:: Material for the task ::
++++++++

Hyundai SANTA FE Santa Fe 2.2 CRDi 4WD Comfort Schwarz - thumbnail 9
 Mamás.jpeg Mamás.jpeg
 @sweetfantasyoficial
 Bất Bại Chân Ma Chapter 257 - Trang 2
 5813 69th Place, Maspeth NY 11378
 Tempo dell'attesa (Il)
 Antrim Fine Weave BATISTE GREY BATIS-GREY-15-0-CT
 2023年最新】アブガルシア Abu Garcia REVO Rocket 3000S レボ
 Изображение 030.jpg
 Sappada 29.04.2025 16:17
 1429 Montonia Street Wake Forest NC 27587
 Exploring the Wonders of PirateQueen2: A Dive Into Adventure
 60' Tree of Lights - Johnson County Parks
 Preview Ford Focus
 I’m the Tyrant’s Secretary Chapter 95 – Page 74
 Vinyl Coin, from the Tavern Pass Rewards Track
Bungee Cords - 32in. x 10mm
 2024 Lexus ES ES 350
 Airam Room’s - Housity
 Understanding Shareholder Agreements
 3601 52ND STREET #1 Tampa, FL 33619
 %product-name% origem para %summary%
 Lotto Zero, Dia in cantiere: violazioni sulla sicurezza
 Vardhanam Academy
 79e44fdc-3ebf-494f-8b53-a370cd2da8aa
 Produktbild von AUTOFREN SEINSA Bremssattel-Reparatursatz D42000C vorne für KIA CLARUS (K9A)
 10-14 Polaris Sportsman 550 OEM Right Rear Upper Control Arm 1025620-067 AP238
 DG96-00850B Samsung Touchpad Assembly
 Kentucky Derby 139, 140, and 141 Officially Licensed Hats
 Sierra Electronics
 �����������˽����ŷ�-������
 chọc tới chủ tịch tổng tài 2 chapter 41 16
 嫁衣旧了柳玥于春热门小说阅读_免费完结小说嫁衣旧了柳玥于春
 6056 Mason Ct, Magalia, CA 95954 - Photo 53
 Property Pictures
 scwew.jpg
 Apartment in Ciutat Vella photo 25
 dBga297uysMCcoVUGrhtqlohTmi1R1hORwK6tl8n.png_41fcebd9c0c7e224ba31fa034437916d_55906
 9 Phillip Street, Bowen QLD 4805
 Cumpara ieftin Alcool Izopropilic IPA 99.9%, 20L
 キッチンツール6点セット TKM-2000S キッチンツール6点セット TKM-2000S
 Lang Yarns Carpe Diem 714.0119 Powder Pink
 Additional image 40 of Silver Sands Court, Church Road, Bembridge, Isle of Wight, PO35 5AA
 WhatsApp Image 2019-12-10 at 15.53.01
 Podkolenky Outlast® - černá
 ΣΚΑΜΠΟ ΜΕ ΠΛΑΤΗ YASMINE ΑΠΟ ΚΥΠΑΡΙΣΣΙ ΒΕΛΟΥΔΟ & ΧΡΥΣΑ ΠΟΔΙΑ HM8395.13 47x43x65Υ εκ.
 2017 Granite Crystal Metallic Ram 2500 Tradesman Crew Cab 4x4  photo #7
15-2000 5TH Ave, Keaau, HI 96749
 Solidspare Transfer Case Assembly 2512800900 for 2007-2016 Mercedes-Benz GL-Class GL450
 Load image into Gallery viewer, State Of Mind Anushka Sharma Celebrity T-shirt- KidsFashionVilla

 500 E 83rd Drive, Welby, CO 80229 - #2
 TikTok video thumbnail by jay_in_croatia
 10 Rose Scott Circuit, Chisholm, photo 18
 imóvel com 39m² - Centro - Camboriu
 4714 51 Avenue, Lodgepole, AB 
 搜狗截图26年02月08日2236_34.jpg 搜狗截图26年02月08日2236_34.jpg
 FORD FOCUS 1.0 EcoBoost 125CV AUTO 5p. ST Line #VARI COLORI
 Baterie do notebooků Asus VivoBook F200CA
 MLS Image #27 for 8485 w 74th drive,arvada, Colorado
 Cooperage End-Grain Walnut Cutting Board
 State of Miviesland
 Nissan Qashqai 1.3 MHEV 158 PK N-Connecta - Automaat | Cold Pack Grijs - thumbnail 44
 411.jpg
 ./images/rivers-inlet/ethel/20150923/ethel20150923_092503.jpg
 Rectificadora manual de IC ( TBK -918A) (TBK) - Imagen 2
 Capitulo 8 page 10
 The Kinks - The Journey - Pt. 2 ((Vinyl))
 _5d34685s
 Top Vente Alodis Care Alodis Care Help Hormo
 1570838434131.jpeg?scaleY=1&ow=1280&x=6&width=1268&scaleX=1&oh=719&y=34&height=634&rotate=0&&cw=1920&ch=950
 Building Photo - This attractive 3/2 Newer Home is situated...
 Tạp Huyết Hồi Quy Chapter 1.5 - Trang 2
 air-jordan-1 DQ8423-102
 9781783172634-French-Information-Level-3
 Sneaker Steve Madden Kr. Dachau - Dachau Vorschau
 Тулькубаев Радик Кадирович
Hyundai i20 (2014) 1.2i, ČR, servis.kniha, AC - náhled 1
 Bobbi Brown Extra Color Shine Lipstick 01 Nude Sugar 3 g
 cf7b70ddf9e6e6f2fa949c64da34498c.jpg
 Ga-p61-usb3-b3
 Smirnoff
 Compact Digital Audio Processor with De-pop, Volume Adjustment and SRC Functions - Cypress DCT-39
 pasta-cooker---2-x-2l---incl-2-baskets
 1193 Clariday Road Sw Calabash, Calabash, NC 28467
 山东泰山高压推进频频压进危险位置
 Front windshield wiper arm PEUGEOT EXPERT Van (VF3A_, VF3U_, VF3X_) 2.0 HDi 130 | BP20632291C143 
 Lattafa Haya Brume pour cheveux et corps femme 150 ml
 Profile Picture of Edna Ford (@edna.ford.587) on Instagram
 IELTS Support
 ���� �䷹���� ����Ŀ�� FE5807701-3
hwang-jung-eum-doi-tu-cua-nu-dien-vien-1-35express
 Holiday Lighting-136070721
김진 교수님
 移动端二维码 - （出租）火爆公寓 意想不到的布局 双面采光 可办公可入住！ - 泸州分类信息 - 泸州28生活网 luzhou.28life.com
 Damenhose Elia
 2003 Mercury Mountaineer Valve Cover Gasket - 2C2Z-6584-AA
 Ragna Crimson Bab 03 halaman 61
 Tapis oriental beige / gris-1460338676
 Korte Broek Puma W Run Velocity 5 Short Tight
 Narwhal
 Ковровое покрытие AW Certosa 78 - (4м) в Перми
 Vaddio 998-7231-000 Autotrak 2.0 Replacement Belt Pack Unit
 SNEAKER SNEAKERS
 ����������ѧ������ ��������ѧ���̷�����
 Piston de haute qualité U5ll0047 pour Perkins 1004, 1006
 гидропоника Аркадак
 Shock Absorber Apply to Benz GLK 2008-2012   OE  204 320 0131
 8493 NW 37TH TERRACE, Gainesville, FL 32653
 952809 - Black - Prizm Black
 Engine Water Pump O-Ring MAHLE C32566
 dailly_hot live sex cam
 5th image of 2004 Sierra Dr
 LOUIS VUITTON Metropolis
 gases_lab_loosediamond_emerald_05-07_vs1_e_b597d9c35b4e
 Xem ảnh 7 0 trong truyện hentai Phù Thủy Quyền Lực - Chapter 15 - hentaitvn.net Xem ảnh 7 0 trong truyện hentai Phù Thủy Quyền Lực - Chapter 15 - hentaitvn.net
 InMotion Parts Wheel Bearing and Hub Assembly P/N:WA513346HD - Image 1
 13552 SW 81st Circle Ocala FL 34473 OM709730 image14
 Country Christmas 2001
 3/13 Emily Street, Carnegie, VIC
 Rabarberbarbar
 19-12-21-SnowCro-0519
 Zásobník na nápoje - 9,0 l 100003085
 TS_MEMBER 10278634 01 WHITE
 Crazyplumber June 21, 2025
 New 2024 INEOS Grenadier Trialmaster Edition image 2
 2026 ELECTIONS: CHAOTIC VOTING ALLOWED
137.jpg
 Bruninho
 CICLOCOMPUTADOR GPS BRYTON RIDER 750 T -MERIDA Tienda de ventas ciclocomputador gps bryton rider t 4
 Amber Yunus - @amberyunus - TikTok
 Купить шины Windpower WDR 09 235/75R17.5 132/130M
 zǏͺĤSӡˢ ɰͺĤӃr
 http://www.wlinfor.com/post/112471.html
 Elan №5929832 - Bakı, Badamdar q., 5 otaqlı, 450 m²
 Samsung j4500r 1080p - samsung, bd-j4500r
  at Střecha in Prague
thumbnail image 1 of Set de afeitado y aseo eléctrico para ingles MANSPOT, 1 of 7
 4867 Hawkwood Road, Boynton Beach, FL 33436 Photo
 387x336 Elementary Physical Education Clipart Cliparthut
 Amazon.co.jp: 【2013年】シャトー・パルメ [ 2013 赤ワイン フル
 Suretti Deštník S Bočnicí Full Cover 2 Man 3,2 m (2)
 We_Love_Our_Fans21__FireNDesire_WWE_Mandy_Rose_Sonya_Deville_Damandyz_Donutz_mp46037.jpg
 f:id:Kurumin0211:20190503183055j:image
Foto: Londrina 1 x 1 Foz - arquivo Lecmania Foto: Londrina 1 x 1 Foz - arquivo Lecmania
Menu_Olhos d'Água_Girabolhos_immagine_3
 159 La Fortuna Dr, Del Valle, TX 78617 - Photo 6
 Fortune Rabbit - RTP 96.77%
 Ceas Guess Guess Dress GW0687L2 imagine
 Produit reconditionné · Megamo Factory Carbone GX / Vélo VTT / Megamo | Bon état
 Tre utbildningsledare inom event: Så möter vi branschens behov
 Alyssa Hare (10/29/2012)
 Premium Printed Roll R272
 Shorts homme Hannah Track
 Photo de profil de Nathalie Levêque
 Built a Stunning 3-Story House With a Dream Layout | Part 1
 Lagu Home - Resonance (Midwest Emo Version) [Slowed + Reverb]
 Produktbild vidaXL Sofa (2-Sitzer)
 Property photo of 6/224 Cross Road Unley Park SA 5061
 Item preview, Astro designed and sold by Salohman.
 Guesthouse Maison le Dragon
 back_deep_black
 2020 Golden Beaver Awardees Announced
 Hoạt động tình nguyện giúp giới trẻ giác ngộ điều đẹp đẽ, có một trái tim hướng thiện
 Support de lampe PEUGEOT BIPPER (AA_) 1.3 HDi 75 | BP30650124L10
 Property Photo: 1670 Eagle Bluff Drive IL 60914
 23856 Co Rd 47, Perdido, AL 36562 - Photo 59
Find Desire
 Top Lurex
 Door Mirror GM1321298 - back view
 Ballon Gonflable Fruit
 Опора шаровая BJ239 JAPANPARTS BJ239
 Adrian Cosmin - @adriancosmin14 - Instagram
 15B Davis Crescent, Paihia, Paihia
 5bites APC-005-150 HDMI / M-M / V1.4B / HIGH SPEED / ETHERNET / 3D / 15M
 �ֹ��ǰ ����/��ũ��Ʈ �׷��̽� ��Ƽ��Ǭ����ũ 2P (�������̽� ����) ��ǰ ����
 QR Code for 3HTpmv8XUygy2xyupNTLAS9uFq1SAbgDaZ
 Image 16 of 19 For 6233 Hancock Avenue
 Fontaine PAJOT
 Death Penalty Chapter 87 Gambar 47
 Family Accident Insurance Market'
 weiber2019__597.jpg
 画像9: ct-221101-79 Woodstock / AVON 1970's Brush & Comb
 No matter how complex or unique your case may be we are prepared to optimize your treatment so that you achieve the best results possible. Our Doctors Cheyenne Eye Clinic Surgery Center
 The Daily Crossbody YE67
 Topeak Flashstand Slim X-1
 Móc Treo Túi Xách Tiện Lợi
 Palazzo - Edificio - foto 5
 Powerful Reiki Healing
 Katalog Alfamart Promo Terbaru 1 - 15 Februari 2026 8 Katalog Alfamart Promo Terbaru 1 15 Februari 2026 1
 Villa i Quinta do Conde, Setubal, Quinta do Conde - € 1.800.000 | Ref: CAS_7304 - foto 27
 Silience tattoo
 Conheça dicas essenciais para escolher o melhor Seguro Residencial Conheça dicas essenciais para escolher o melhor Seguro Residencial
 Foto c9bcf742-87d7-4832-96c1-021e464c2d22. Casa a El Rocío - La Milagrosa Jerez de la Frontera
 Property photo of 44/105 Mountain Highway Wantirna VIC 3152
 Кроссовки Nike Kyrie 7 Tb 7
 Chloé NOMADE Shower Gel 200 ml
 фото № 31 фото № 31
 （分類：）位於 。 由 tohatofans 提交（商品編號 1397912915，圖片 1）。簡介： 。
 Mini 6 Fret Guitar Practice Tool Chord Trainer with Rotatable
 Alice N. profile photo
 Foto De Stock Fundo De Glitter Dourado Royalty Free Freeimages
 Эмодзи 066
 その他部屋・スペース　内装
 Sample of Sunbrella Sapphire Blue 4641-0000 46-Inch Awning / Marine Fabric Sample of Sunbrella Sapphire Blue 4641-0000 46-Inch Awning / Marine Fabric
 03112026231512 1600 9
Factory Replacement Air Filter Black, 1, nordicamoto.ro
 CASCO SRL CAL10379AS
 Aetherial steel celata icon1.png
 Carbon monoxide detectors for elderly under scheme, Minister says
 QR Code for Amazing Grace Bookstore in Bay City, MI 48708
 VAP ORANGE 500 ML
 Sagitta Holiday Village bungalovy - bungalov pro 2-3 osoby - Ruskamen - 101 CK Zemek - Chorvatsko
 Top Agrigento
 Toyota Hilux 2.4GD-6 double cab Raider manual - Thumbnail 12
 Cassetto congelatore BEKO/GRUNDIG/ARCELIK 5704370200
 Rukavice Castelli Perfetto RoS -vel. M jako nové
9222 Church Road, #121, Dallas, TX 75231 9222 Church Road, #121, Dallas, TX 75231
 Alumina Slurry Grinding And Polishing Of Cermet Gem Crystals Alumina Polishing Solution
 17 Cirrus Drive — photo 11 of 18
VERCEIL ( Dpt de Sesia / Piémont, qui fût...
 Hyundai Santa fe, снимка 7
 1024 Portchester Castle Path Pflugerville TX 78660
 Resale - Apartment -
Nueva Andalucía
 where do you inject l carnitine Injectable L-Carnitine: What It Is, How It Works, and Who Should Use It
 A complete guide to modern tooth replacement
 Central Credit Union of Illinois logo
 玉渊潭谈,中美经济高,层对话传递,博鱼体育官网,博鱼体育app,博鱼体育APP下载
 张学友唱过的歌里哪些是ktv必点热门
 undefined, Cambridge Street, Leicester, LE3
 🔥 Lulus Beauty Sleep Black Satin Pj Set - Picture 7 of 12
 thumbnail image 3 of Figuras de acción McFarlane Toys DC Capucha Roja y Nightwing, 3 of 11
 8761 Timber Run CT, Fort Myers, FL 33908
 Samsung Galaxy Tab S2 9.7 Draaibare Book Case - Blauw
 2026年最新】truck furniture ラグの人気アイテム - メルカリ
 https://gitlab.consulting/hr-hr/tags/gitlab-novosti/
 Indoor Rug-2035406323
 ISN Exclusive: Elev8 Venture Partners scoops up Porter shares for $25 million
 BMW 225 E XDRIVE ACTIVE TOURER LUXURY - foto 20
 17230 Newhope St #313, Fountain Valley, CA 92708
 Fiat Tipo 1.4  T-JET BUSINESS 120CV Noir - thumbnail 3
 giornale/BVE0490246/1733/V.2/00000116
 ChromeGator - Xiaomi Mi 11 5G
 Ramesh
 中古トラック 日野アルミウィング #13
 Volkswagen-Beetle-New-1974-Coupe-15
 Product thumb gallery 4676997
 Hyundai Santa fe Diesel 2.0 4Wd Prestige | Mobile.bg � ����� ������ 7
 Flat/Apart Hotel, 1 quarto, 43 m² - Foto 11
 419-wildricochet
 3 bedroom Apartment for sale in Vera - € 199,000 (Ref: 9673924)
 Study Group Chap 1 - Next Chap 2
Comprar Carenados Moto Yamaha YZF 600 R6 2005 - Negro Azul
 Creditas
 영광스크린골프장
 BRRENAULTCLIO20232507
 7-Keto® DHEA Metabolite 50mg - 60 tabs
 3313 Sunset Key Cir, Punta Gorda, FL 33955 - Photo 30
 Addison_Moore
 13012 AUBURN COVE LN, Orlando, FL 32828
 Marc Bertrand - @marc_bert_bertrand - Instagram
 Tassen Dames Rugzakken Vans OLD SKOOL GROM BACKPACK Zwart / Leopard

++++++++

Reproduce, word for word and in full, only the lines above that start at the line with "画像9: ct-221101-79 Woodstock" and run through the line with "Cassetto congelatore BEKO/GRUNDIG/ARCELIK", both ends included.

:: Answer box ::
 画像9: ct-221101-79 Woodstock / AVON 1970's Brush & Comb
 No matter how complex or unique your case may be we are prepared to optimize your treatment so that you achieve the best results possible. Our Doctors Cheyenne Eye Clinic Surgery Center
 The Daily Crossbody YE67
 Topeak Flashstand Slim X-1
 Móc Treo Túi Xách Tiện Lợi
 Palazzo - Edificio - foto 5
 Powerful Reiki Healing
 Katalog Alfamart Promo Terbaru 1 - 15 Februari 2026 8 Katalog Alfamart Promo Terbaru 1 15 Februari 2026 1
 Villa i Quinta do Conde, Setubal, Quinta do Conde - € 1.800.000 | Ref: CAS_7304 - foto 27
 Silience tattoo
 Conheça dicas essenciais para escolher o melhor Seguro Residencial Conheça dicas essenciais para escolher o melhor Seguro Residencial
 Foto c9bcf742-87d7-4832-96c1-021e464c2d22. Casa a El Rocío - La Milagrosa Jerez de la Frontera
 Property photo of 44/105 Mountain Highway Wantirna VIC 3152
 Кроссовки Nike Kyrie 7 Tb 7
 Chloé NOMADE Shower Gel 200 ml
 фото № 31 фото № 31
 （分類：）位於 。 由 tohatofans 提交（商品編號 1397912915，圖片 1）。簡介： 。
 Mini 6 Fret Guitar Practice Tool Chord Trainer with Rotatable
 Alice N. profile photo
 Foto De Stock Fundo De Glitter Dourado Royalty Free Freeimages
 Эмодзи 066
 その他部屋・スペース　内装
 Sample of Sunbrella Sapphire Blue 4641-0000 46-Inch Awning / Marine Fabric Sample of Sunbrella Sapphire Blue 4641-0000 46-Inch Awning / Marine Fabric
 03112026231512 1600 9
Factory Replacement Air Filter Black, 1, nordicamoto.ro
 CASCO SRL CAL10379AS
 Aetherial steel celata icon1.png
 Carbon monoxide detectors for elderly under scheme, Minister says
 QR Code for Amazing Grace Bookstore in Bay City, MI 48708
 VAP ORANGE 500 ML
 Sagitta Holiday Village bungalovy - bungalov pro 2-3 osoby - Ruskamen - 101 CK Zemek - Chorvatsko
 Top Agrigento
 Toyota Hilux 2.4GD-6 double cab Raider manual - Thumbnail 12
 Cassetto congelatore BEKO/GRUNDIG/ARCELIK 5704370200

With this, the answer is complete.